Malin Sabar antara sebentar sakit gigi. Banyaklah sudah obat-obat yang dijual orang di pasar dipakainya, tetapi tiada yang menolong. Baik sehari dua, kembali sakit pula. Jampi-jampi dukun kampung pun telah banyak sekali dicobanya, tetapi tiada mujarab. Sampai ia mengomel, "Zaman ini bukan saja pencarian yang meleset, tetapi jampi-jampi pun turut pula meleset, tidak ada yang mustajab lagi seperti dahulu," katanya.
"Bawa saja ke sekolah, sebentar saja baik," kata seorang guru pensiun kepadanya.

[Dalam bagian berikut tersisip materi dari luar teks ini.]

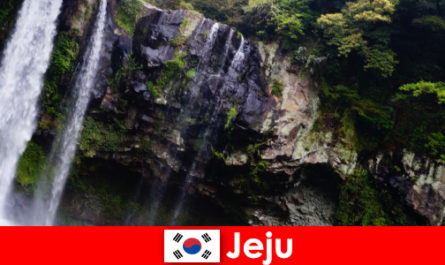 Jeju en Corée du Sud, l'île volcanique subtropicale aux forêts à couper le souffle pour les étrangers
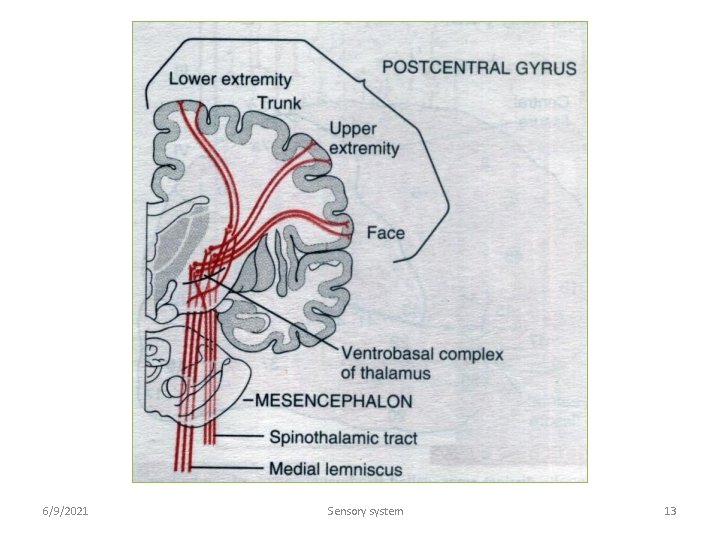 6/9/2021 Sensory system 13 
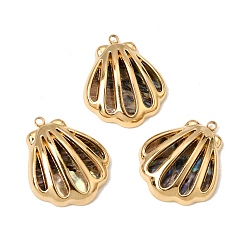 Golden Marine Organism Theme Natural Shell Pendants, Shell Shape Charms, with 304 Stainless Steel
 Findings, Golden, 22.5x19x5mm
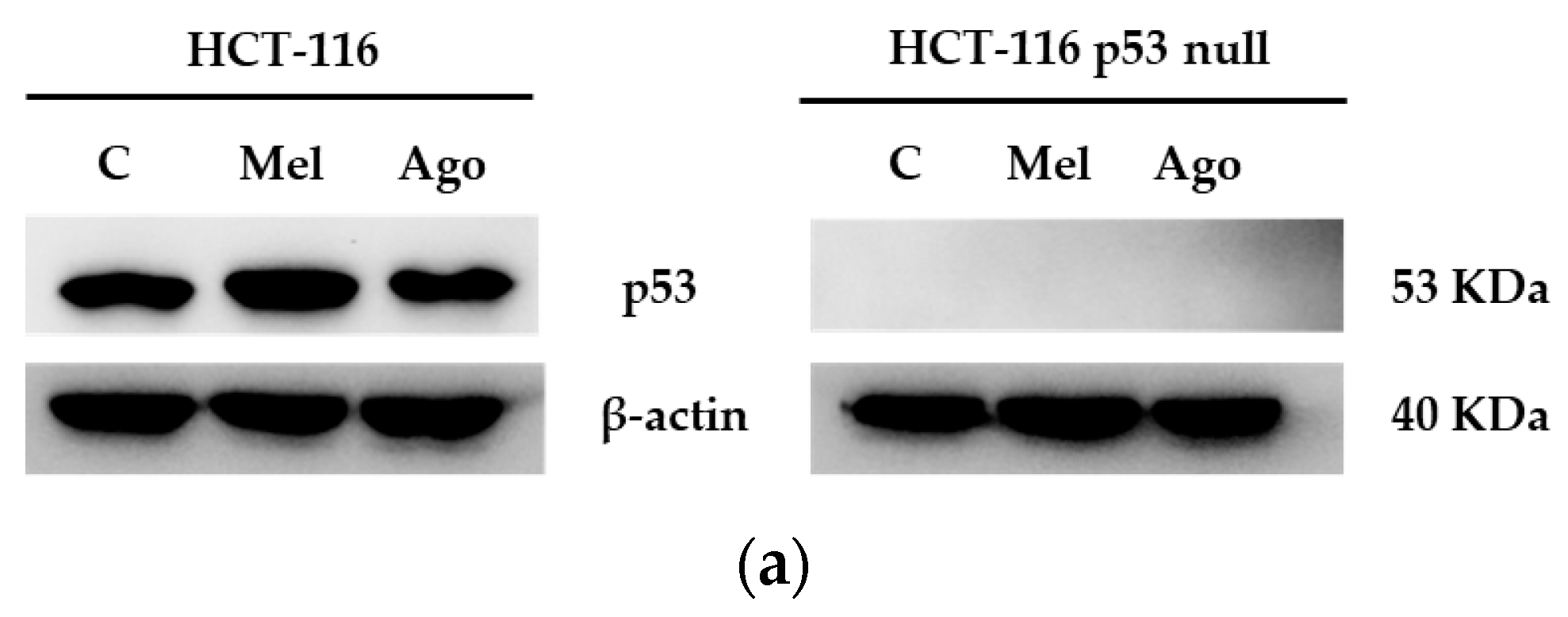 Antioxidants 12 00926 g005a Antioxidants 12 00926 g005a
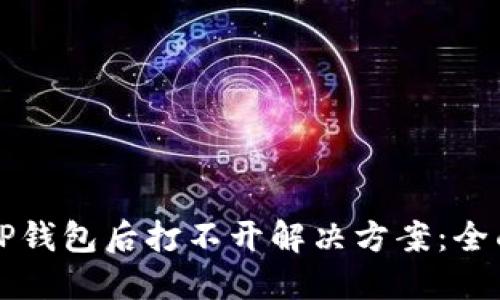 下载TP钱包后打不开解决方案：全面指南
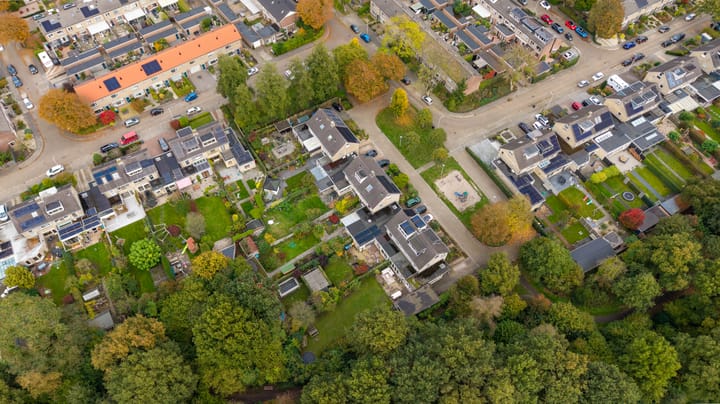 Foto 53 van Struikstuk 48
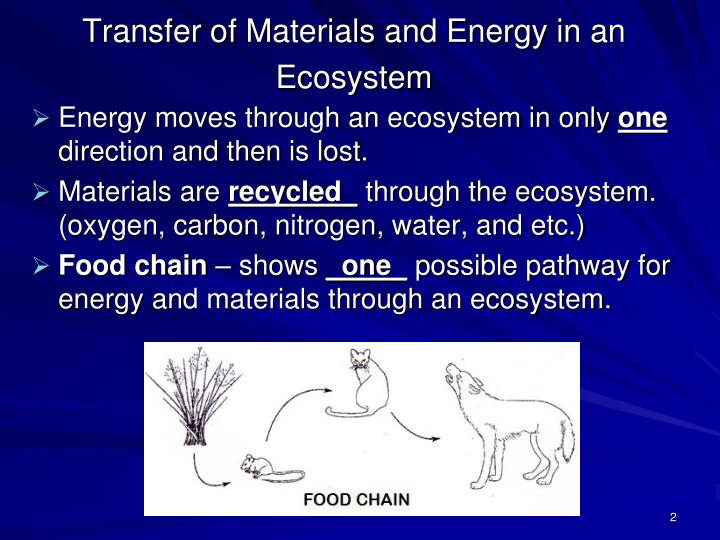 Analyze The Flow Of Energy Through A Food Chain Analyze The Flow Of Energy Through A Food Chain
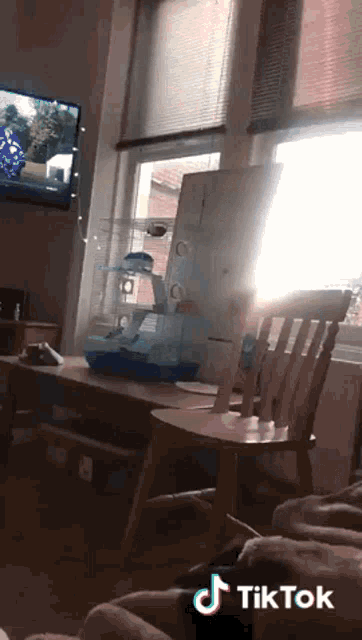 a hamster cage sits on a table next to a chair in a living room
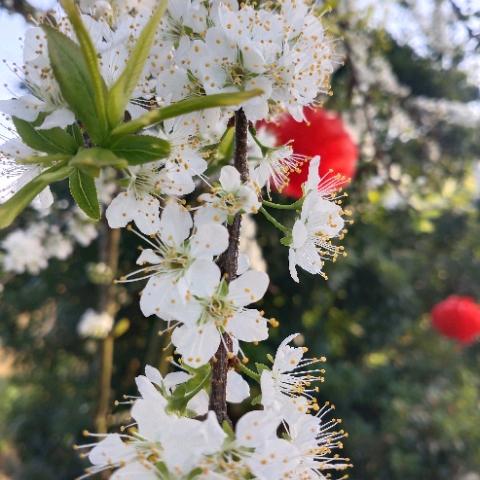 🐬🌈奮乧🐬🌈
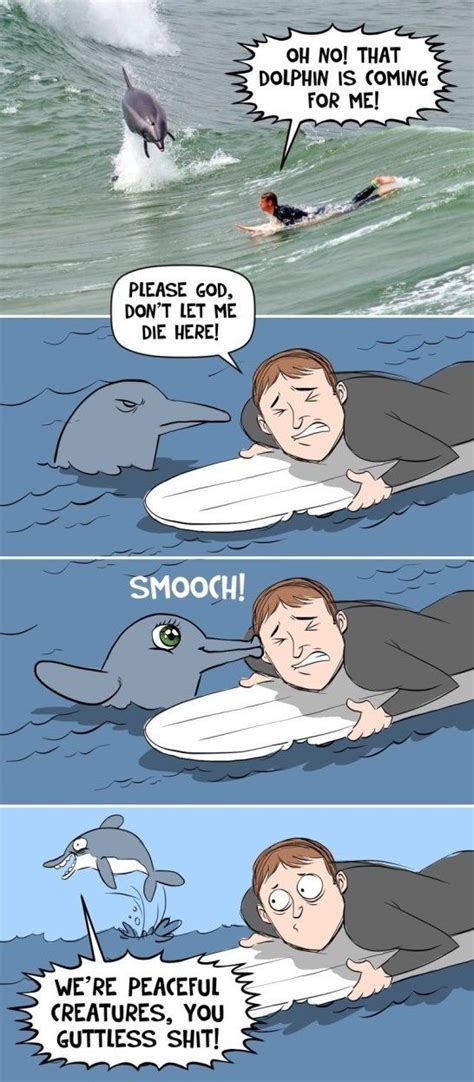 Funny Memes Funny Funny Dolphins Memes Dauphin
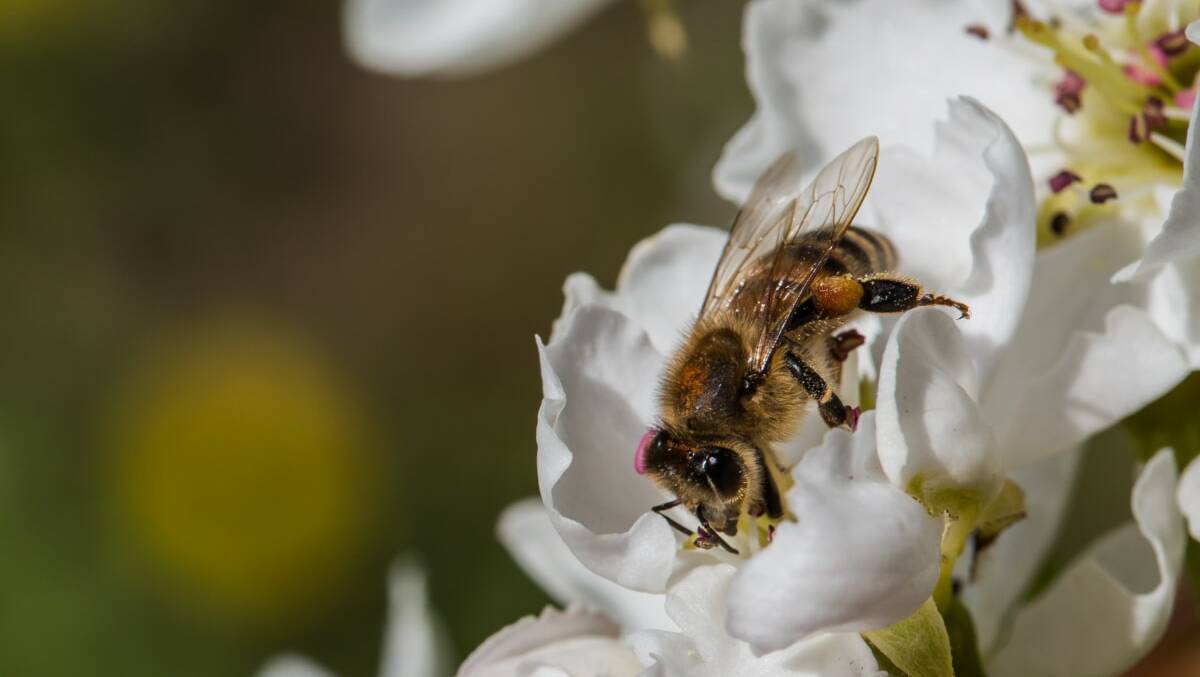 $500m almond crop facing D-Day without Varroa mite bee travel pass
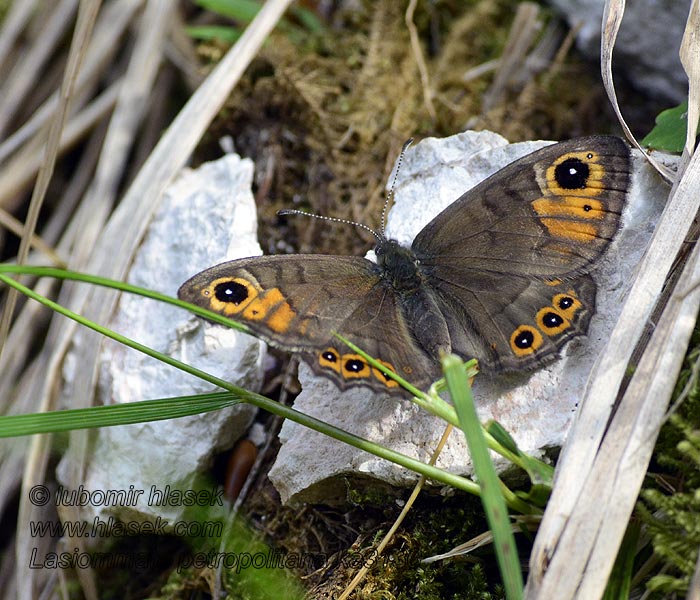 Lasiommata petropolitana Gorgone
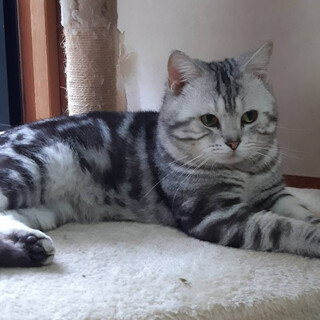 ちょっぴり怖がり、おっとりルイ君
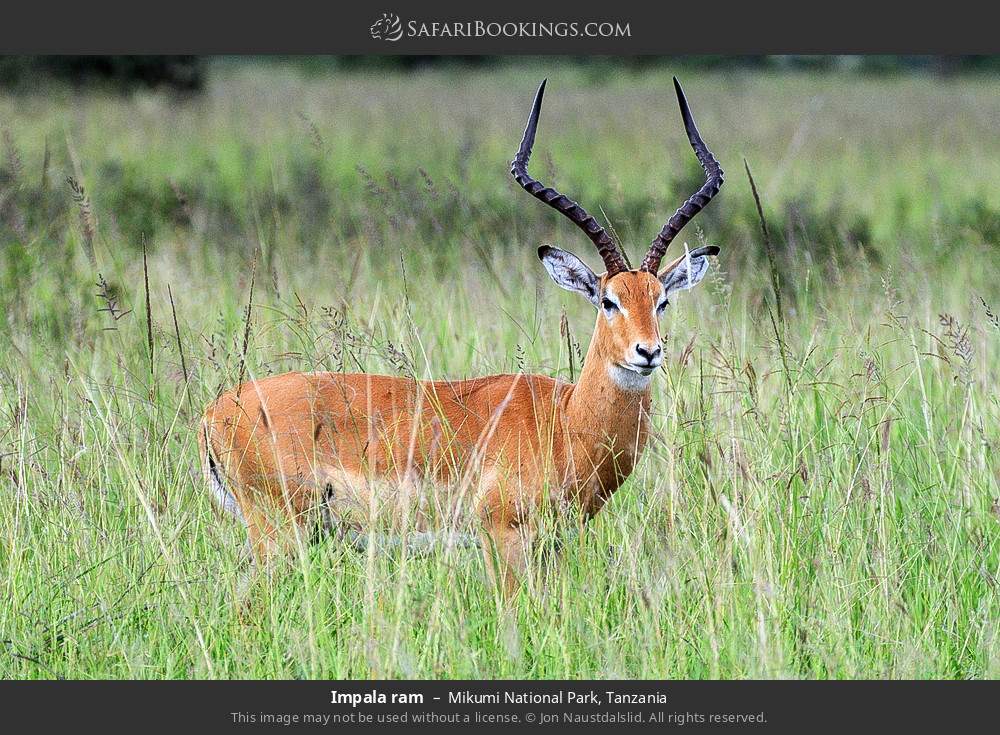 Impala ram in Mikumi National Park, Tanzania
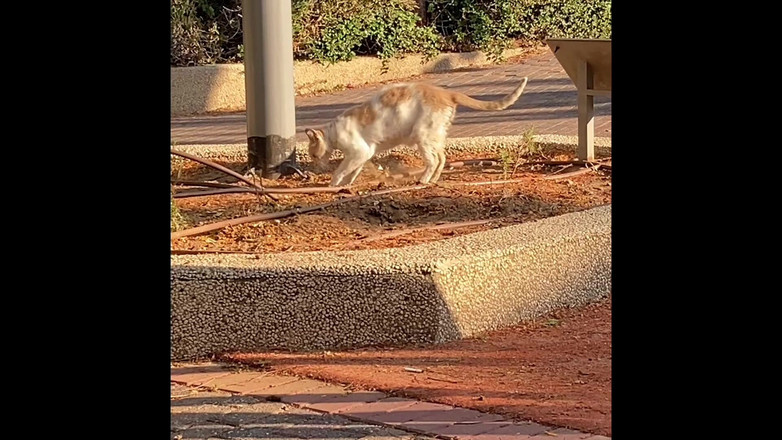 Alex Igogo: Alex Art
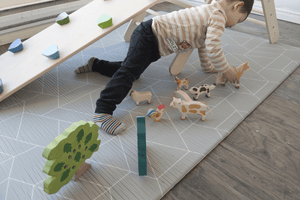 Holztiger Lion - The Montessori Room
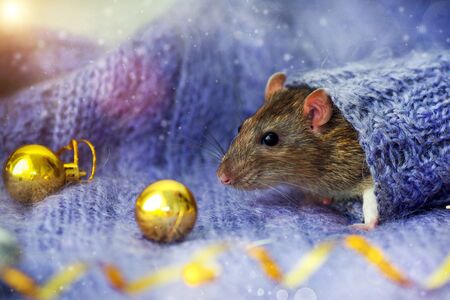 The face of a brown rat looks up the sleeve of a knitted  sweater, with gold New Year is balls lying nearby. Year of rat. Symbol of 2020 on the Chinese calendar.の写真素材
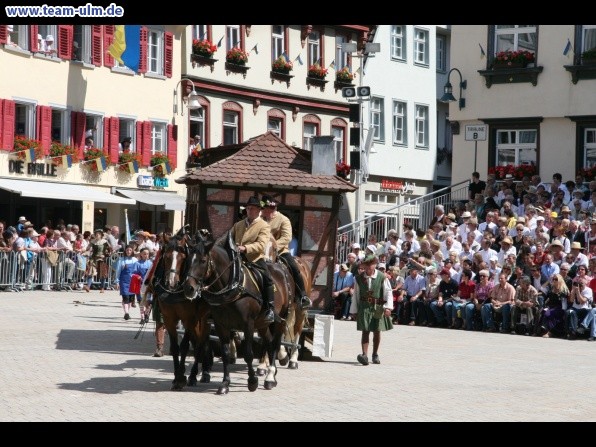 Festumzug - Hoch zu Ross @ Biberach - Bild 33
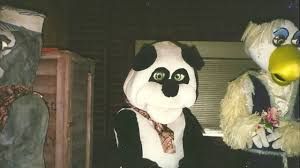 Rocky the panda
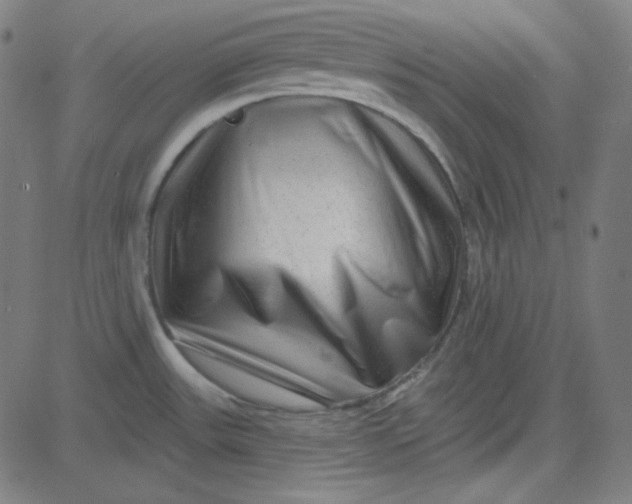 X0000084601531200703091916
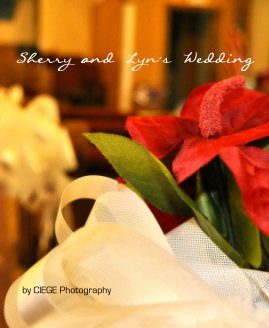 Sherry and Lyn's Wedding book cover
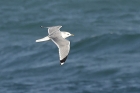 Common Gull by Mick Dryden Common Gull by Mick Dryden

"Entahlah, Engkau, saya tidak berani dengan dokter. Dokter main cabut, main suntik, dan main potong saja. Kalau salah potong, awak juga yang melarat, jadi takut akan lumpur. Lari keduri awak namanya," jawab Malin Sabar.
Pada suatu hari,penyakit giginya menjadi-jadi benar.
"Jika mati pun, matilah. Sekarang, aku pergi ke dokter," kata Malin Sabar sambil memegang pipinya yang sakit itu, lalu pergi ke rumah sakit.
"Tarik, Tuan, tolonglah obati gigi saya," katanya sesampai di sana.
"Boleh, tapi tunggu sebentar," jawab tuan dokter.
Malin Sabar pun duduklah menunggu di atas sebuah bangku sambil mengerang-erang dokter.
Malin Sabar pun duduklah menunggu di atas sebuah bangku sambil mengerang-erang kecil.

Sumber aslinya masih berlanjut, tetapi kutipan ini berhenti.